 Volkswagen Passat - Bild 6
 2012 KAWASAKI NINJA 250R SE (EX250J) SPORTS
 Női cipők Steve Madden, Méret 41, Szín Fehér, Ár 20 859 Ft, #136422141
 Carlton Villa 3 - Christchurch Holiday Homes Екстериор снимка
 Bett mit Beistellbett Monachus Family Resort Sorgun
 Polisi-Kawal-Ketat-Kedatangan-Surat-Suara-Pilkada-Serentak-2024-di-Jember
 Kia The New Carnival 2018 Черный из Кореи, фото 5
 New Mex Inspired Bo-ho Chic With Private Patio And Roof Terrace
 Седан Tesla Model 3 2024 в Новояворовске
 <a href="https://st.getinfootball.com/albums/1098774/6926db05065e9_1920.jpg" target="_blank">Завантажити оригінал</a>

------------------------------------------------------------

Your task is to reproduce exactly the lines that begin at the line containing "Kia The New" and end at the final line of the data above.

 Kia The New Carnival 2018 Черный из Кореи, фото 5
 New Mex Inspired Bo-ho Chic With Private Patio And Roof Terrace
 Седан Tesla Model 3 2024 в Новояворовске
 <a href="https://st.getinfootball.com/albums/1098774/6926db05065e9_1920.jpg" target="_blank">Завантажити оригінал</a>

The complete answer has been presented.